Common mistakes and how to self-check

  • Forgetting the Ingress Controller: Create an Ingress but nothing works. Self-check: Is the controller running? Does your Ingress reference the right ingressClassName?
  • Port mismatch: Service port 80 but backend port name is wrong. Self-check: In Ingress, the backend port must match the Service port number or name.
  • Wrong Host header: Testing with curl to an IP without the expected Host. Self-check: Send the Host header that matches spec.rules[].host.
  • No TLS secret: Ingress references secret that doesn't exist. Self-check: kubectl get secret in the same namespace as the Ingress.
  • Readiness not considered: Traffic sent to not-ready Pods. Self-check: Use readinessProbe and verify Endpoints show only ready addresses.
  • NetworkPolicy blocks health checks: Ingress or kubelet probes blocked. Self-check: Add rules for required sources/ports, test from a busybox Pod.

Practical projects

  • Multi-tenant demo: One Ingress, three paths (/team-a, /team-b, /team-c) to three Services. Add TLS and rate-limit annotation if your controller supports it.
  • Blue/green switch: Two versions behind one host. Use paths or separate subdomains, then switch default path to the new version.
  • Hardened API: API behind Ingress with NetworkPolicy allowlist for only Ingress namespace and a monitoring namespace.

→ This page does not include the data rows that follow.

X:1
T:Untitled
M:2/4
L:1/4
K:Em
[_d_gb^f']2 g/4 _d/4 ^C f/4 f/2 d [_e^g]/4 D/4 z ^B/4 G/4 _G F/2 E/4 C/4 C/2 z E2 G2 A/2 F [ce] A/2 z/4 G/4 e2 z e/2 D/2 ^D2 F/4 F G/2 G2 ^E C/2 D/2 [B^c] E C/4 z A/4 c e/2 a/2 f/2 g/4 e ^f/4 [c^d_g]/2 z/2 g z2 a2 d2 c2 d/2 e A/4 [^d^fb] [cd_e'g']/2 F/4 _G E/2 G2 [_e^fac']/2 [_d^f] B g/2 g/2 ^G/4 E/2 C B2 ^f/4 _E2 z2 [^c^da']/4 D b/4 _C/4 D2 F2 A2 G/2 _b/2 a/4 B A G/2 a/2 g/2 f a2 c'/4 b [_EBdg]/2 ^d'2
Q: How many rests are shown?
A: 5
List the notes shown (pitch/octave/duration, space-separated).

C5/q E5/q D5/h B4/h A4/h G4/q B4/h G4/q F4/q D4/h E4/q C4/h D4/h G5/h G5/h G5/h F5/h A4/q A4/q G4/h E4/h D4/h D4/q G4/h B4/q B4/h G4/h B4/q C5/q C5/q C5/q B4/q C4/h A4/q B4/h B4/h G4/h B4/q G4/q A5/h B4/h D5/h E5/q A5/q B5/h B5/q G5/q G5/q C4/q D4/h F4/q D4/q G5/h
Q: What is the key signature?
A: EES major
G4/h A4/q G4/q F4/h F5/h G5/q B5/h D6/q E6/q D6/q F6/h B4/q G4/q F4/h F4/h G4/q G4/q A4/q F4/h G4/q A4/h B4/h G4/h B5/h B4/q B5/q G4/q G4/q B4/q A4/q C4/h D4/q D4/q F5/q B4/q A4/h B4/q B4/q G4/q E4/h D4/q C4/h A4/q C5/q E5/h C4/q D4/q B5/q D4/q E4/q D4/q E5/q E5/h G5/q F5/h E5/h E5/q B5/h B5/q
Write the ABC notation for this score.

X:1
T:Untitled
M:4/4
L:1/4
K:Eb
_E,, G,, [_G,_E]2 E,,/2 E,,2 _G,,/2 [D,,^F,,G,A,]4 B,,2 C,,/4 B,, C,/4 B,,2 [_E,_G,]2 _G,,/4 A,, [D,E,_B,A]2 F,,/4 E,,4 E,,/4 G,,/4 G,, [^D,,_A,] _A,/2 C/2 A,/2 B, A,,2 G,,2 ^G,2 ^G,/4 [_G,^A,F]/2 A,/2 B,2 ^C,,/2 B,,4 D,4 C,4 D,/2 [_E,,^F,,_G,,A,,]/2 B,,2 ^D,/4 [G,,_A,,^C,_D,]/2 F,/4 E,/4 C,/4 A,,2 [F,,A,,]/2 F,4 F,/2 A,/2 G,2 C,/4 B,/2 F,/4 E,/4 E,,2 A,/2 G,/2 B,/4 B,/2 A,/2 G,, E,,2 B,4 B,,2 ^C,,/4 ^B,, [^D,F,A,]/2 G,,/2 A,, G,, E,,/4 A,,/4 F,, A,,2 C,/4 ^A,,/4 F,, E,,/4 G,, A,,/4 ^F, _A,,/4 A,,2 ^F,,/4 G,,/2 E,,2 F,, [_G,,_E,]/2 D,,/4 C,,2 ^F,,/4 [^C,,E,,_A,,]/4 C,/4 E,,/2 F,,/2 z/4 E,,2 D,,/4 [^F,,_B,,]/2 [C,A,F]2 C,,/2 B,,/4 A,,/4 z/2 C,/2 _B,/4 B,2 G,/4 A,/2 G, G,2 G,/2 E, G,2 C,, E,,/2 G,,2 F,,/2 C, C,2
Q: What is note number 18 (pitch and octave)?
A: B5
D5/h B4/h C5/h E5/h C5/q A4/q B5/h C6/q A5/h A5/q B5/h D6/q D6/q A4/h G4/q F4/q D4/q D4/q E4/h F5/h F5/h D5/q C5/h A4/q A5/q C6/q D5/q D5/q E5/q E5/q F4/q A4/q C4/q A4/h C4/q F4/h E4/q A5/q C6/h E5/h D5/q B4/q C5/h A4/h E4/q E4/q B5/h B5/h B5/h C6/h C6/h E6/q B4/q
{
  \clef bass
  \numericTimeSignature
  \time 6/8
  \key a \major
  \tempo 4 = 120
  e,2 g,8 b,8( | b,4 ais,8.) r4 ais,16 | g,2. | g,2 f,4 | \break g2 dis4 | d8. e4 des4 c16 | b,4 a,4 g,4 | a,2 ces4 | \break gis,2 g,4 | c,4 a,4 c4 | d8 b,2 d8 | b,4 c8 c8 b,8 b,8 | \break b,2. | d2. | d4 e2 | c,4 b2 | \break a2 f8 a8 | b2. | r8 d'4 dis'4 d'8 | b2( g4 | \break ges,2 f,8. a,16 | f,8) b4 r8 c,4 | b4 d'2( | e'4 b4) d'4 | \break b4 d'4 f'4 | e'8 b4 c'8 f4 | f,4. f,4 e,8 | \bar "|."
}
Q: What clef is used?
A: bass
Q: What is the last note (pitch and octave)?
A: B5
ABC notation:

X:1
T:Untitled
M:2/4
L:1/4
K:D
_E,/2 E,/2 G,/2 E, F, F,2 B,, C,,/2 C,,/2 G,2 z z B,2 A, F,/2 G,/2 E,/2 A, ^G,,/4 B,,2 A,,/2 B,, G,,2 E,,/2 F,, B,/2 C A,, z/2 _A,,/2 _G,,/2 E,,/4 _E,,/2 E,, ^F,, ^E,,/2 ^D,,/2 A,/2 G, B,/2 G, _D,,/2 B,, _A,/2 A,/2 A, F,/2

Add readiness probes.

Who this is for

  • Platform and DevOps engineers enabling app teams on Kubernetes.
  • Backend engineers who need to expose services safely and reliably.
  • Anyone preparing for on-call ownership of Kubernetes workloads.

Prerequisites

  • Basic Kubernetes objects: Pod, Deployment, Service.
  • Comfort with kubectl apply/get/describe/logs.
  • Understanding of HTTP, DNS, and TLS fundamentals.

Learning path

  1. Containers and Pods: images, health probes, resource requests.
  2. Services: ClusterIP, selectors, readiness and Endpoints.
  3. Ingress basics: host/path routing, TLS termination (this lesson).
  4. NetworkPolicy basics: default deny, namespace scoping.
  5. Ingress advanced: canary, sticky sessions, headers, timeouts.
  6. Production hardening: observability, retries, rate limits, WAF.

Next steps

  • Explore advanced Ingress annotations and timeouts for your controller.
  • Automate TLS certificate management with an operator in your cluster.
  • Evaluate Gateway API as a next-gen alternative to Ingress.
  • Add dashboards and alerts for 4xx/5xx rates, latency, and saturation.

Mini challenge

Design an Ingress for shop.local that routes:

  • /api to api-svc (port 8080)
  • / to web-svc (port 80)

Requirements:

  • TLS termination at the Ingress
  • Preserve client IP at the app layer if possible
  • Ensure only the Ingress can reach api Pods
Considerations
  • Ingress with two paths and a TLS secret.
  • If you use NodePort/LoadBalancer for the controller, set externalTrafficPolicy: Local to preserve client IP.
  • NetworkPolicy to allow only the ingress namespace to reach api Pods on 8080.

Practice Exercises

2 exercises to complete

Instructions

Create two Deployments (v1 and v2) each exposing a simple HTTP response. Create two ClusterIP Services, then an Ingress that:

  • Terminates TLS with a secret you create
  • Routes /v1 to svc-v1 and /v2 to svc-v2

Assume your Ingress controller class is nginx and your host is app.local. Point your local DNS to the controller’s external IP to test.